How all the conversations she was forced to listen to in her narrow world rose up before her in their carping meannesses! Her father's brutal diatribes against a people, unfortunate enough to be compelled, from force of circumstance, to live on a portion of land that belonged to him, yet in whose lives he took no interest whatsoever. His only anxiety was to be paid his rents. How, and through what misery, his tenants scraped the money together to do it with, mattered nothing to him. All that DID matter was that he MUST BE PAID.
Then arose a picture of her sister Monica, with her puny social pretensions. Recognition of those in a higher grade bread and meat and drink to her. Adulation and gross flattery the very breath of her nostrils.
Her brother's cheap, narrow platitudes about the rights of rank and wealth.
To Angela wealth had no rights except to bring happiness to the world. It seemed to bring only misery once people acquired it. Grim sorrow seemed to stalk in the trail of the rich.
She could not recall one moment of real, unfeigned happiness among her family. The only time she could remember her father smiling or chuckling was at some one else's misfortune, or over some cruel thing he had said himself.
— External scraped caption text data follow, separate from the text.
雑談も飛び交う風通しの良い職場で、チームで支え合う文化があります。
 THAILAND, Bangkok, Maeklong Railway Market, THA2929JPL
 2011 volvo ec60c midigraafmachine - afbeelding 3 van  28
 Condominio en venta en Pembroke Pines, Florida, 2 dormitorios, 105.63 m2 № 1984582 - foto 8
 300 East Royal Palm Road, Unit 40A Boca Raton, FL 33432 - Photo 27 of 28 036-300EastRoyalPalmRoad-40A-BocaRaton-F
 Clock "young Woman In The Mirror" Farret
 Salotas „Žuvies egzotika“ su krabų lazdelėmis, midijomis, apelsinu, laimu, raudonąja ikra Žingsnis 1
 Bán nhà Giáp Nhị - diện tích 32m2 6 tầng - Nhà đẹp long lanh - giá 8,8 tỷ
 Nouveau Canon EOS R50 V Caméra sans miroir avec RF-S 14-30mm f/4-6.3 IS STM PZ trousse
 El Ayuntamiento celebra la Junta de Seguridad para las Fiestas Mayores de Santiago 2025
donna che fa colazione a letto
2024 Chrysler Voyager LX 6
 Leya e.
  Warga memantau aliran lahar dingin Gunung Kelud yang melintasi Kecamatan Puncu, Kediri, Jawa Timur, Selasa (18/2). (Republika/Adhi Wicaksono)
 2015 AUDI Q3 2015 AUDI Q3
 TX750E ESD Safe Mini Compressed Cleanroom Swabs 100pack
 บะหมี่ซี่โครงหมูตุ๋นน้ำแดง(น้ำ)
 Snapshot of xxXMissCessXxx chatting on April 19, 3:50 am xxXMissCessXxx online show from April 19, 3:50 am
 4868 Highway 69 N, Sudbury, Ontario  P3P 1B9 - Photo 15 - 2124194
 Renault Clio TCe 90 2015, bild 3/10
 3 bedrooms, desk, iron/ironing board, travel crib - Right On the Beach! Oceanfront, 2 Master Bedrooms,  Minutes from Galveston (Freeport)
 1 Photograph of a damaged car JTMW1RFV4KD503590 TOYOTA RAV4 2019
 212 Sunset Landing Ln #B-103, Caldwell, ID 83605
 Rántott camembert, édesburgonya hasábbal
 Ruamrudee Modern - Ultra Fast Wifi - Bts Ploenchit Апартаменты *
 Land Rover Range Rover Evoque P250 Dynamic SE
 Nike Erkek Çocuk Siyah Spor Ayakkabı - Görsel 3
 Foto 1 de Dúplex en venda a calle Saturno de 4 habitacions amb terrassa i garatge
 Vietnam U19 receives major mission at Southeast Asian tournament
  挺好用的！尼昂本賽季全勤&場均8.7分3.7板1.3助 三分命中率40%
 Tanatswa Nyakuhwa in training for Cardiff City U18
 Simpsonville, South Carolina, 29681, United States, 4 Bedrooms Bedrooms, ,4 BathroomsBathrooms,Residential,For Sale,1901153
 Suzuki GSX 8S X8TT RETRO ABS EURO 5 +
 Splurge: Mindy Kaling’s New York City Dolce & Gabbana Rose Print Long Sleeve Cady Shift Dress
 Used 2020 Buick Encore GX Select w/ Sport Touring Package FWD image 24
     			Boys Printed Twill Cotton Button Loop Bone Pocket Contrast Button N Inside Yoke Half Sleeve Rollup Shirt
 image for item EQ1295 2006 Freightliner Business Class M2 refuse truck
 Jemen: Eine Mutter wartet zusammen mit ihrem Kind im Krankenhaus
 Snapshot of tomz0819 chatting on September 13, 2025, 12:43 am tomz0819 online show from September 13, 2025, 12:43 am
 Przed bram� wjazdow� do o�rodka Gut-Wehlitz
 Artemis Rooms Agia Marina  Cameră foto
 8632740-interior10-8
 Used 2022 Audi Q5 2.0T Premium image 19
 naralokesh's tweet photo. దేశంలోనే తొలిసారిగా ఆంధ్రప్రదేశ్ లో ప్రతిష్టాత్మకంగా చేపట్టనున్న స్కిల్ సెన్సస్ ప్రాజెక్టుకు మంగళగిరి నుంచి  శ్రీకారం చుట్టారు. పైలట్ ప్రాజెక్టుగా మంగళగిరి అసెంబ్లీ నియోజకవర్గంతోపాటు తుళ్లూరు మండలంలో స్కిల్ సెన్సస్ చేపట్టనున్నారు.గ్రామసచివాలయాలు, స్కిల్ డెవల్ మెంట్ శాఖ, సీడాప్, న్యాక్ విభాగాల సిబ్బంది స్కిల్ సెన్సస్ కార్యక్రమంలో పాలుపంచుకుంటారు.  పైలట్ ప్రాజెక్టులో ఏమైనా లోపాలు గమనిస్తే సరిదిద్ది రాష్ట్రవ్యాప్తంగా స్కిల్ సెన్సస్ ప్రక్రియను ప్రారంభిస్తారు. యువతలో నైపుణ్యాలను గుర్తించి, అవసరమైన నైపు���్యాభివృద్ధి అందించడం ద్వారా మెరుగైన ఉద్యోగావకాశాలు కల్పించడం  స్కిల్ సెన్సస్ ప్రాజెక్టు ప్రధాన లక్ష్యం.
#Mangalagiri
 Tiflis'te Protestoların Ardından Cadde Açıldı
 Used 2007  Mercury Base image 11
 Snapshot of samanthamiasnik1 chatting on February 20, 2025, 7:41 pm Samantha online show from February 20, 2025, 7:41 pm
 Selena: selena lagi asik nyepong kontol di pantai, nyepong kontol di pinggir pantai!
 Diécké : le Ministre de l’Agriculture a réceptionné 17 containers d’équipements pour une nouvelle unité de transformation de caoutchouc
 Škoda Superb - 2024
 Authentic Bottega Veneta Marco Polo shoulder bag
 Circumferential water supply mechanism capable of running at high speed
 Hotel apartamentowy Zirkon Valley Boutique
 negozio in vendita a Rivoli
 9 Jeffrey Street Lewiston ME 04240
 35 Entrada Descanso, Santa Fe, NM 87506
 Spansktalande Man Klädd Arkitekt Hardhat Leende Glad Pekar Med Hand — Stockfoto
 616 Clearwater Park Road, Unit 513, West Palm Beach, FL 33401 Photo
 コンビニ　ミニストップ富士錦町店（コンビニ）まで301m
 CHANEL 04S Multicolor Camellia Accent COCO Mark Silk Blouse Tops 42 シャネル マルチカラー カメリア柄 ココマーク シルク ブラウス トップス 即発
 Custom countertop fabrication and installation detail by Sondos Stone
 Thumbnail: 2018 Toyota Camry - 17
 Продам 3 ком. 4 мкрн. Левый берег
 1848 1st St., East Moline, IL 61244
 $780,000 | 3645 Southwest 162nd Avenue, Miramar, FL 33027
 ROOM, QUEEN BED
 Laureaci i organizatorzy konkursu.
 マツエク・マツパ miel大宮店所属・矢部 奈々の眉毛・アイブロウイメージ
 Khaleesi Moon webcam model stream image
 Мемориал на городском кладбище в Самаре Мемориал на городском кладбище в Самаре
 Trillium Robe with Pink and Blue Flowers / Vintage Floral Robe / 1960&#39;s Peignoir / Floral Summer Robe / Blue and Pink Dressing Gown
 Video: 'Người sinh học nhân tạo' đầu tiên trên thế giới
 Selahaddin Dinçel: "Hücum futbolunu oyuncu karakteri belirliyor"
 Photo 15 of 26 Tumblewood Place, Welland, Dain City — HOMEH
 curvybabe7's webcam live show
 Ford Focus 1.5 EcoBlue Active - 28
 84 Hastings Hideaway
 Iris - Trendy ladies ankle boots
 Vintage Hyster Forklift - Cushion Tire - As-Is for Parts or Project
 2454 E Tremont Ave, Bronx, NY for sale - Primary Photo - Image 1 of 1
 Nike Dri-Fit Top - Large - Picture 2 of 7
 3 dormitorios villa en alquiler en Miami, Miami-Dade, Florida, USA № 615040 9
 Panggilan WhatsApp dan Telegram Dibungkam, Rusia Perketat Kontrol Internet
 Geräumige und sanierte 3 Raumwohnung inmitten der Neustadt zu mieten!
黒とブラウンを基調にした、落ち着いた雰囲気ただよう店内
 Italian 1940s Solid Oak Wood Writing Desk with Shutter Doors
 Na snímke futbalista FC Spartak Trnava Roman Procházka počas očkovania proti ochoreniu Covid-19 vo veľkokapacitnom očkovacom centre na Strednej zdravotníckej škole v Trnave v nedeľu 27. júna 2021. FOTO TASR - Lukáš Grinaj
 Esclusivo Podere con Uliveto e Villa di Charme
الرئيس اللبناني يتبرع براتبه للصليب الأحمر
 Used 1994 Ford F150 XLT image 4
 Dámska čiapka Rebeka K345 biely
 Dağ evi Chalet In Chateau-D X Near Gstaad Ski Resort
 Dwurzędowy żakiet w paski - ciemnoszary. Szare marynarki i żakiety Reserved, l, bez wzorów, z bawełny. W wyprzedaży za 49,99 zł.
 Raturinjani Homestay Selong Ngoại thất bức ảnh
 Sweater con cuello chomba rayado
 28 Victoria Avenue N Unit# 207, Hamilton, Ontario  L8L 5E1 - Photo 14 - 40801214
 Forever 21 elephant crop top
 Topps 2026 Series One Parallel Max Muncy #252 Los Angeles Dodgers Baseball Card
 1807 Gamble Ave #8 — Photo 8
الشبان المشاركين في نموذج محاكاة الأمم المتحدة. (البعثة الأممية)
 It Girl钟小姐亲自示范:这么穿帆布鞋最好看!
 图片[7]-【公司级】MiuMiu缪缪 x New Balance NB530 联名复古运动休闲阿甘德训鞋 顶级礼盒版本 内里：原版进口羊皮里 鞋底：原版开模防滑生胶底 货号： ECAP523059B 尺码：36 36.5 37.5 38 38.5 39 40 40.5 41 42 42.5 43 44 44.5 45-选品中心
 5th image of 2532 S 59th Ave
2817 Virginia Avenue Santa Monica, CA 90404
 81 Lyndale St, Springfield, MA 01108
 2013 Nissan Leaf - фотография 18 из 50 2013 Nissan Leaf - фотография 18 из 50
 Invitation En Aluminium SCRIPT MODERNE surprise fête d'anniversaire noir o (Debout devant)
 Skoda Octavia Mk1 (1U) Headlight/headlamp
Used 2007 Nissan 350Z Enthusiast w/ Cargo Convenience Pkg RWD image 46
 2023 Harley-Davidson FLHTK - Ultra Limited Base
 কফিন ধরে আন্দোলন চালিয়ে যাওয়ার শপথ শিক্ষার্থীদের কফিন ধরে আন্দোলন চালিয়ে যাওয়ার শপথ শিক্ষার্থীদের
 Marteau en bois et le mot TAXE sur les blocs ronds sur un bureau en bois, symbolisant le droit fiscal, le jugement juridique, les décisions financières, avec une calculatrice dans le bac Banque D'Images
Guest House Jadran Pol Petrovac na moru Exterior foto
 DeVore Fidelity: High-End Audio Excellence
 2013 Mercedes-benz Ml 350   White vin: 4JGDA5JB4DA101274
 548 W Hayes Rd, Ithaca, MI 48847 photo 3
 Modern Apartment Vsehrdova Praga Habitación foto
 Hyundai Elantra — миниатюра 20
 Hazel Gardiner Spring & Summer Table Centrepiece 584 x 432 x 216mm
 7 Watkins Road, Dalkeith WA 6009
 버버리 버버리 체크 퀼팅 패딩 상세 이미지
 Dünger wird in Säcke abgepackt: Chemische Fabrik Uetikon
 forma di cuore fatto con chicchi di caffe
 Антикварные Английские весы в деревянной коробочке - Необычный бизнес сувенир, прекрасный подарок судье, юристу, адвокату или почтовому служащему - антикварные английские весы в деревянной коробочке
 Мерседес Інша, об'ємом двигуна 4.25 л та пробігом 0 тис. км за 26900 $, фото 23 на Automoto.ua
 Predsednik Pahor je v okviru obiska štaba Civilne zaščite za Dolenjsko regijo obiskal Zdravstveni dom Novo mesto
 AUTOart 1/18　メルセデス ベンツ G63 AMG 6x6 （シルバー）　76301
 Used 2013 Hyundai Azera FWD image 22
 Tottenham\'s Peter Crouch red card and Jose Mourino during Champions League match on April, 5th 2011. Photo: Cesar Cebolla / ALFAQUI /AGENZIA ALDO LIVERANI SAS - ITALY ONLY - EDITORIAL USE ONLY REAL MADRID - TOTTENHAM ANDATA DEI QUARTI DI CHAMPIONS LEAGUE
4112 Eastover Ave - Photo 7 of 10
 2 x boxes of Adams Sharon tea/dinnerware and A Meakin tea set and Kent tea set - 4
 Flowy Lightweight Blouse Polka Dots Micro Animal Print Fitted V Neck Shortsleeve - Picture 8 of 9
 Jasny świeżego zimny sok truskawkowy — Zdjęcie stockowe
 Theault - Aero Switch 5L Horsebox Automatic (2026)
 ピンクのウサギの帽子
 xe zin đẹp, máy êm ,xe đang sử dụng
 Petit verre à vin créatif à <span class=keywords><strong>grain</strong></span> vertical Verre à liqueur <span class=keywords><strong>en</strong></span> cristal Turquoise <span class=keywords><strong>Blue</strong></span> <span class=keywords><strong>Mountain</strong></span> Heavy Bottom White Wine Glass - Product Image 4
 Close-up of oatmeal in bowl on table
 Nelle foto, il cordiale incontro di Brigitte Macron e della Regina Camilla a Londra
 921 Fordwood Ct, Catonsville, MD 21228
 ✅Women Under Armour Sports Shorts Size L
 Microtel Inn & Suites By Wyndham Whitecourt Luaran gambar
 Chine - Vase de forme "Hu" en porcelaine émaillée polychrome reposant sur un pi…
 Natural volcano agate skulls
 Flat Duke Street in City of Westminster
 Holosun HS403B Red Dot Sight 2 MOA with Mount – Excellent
Her sister's joy over some little social triumph—usually at the cost of the humiliation of another.
Her brother's cheeriness over some smart stroke of business in which another firm was involved to their cost.
The memory of her mother was the only link that bound her to her childhood. The gentle, uncomplaining spirit of her: the unselfish abnegation of her: the soul's tragedy of her—giving up her life at the altar of duty, at the bidding of a hardened despot.
All Angela's childhood came back in a brief illuminating flash. The face of her one dear, dead companion—her mother—glowed before her. How her mother would have cared for and tended, and worshipped a man even as the one lying riddled on that bed of suffering! All the best in Angela was from her mother. All the resolute fighting quality was from her father. She would use both now in defence of the wounded man. She would tend him and care for him, and see that no harm came to him.